● **PROBLEM DESCRIPTION**
From the first line to the last, restate the data exactly, leaving out the images.

● **DATA SECTION**
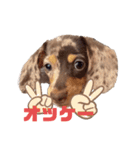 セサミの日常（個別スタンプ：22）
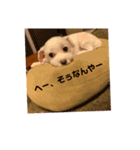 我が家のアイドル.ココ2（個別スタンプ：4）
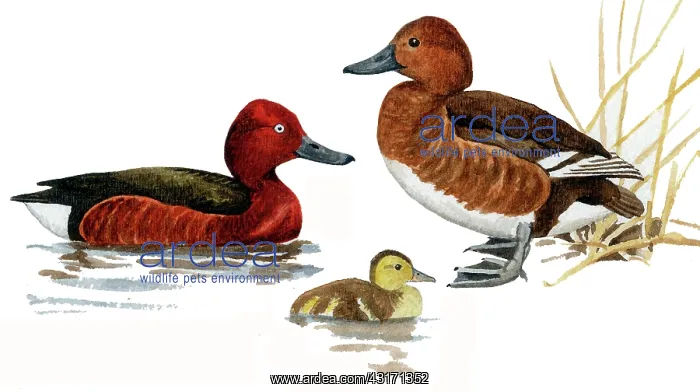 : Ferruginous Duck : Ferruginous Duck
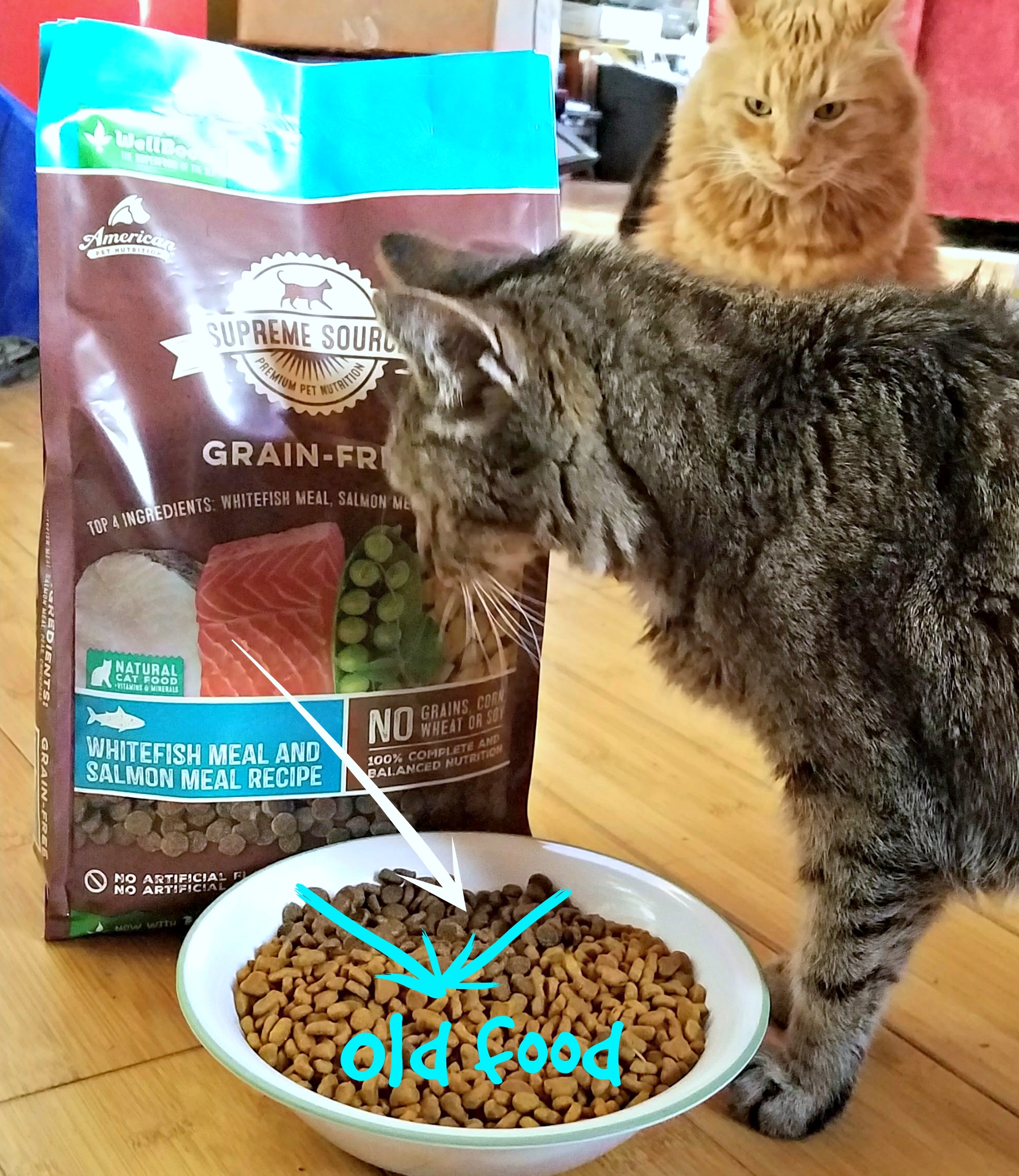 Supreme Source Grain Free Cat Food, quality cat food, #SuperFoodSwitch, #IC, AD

● **SOLUTION FOR THIS PROBLEM**
 セサミの日常（個別スタンプ：22）
 我が家のアイドル.ココ2（個別スタンプ：4）
 : Ferruginous Duck : Ferruginous Duck
 Supreme Source Grain Free Cat Food, quality cat food, #SuperFoodSwitch, #IC, AD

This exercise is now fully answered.